━━ DATA PROVIDED
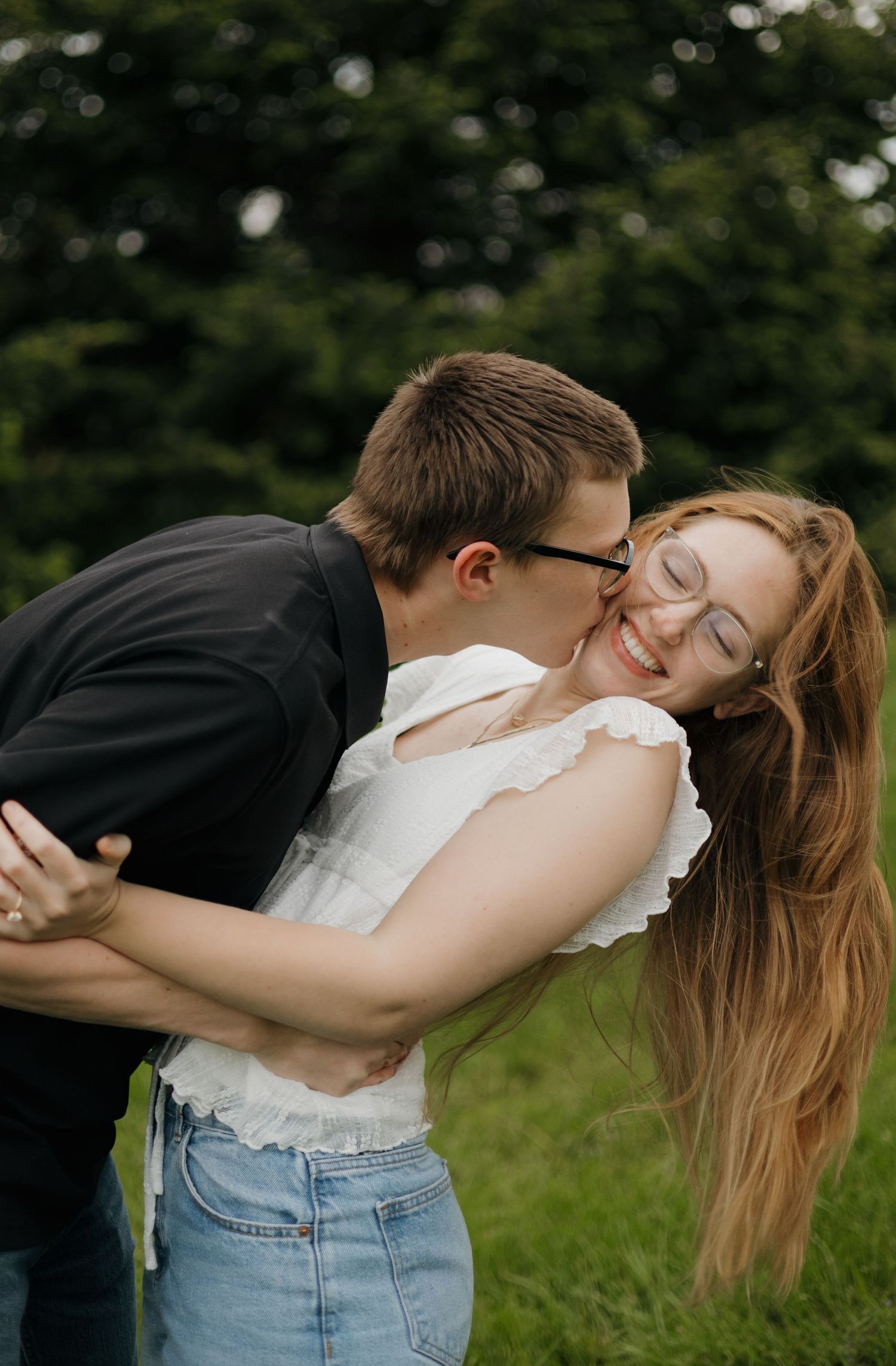 A young couple shares a romantic moment outdoors, as a man kisses a smiling redhead woman in a white top.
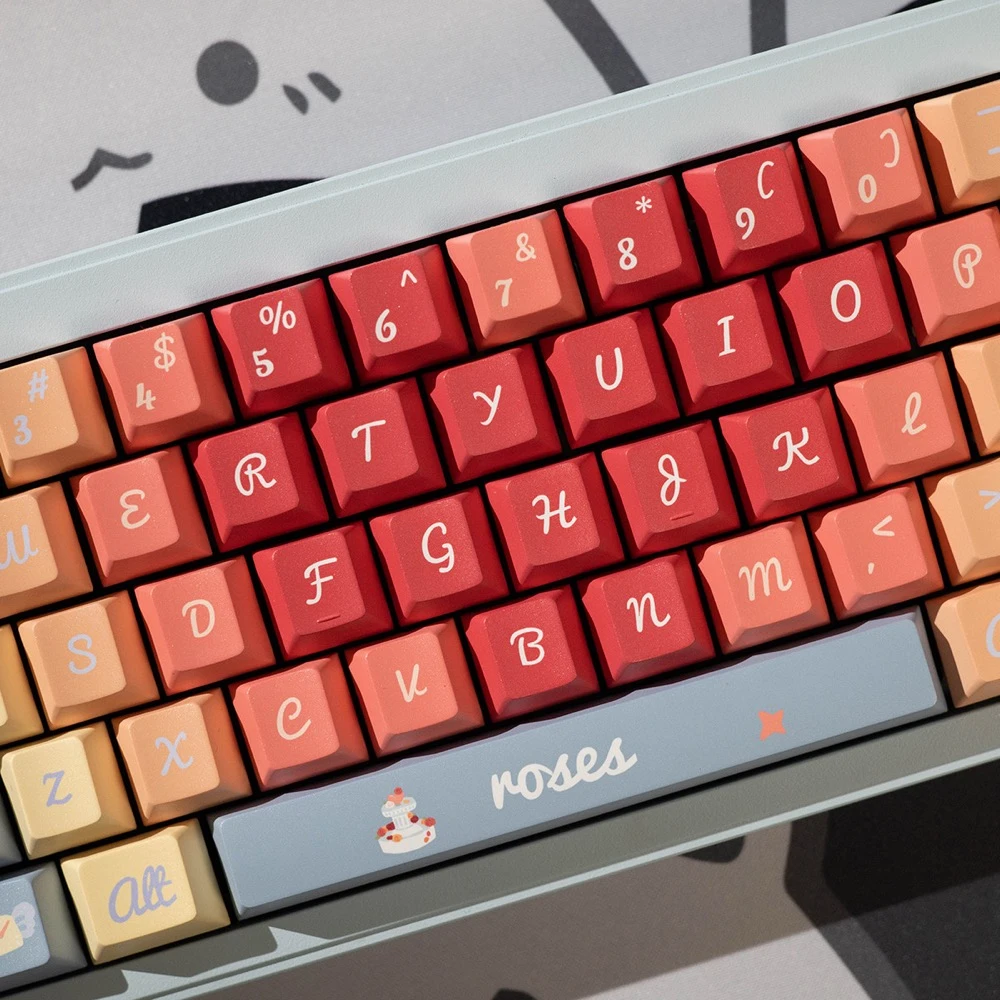 Close-up of Roses Poem keycap set in Cherry Profile showing taller sculpted keys, roses script on spacebar, gradient red-to-peach pastel tones, and cake novelty key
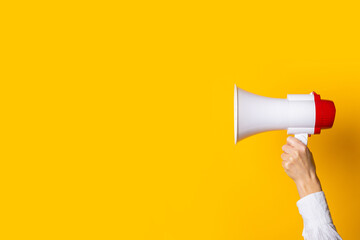 female hand holds a white with a red megaphone on a yellow background.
━━━━
■ EXERCISE BRIEF:
The answer should consist only of the lines from the line with "Close-up of Roses" through the last line of the data, repeated exactly; pictures stay out.

■ EXPECTED OUTPUT:
 Close-up of Roses Poem keycap set in Cherry Profile showing taller sculpted keys, roses script on spacebar, gradient red-to-peach pastel tones, and cake novelty key
 female hand holds a white with a red megaphone on a yellow background.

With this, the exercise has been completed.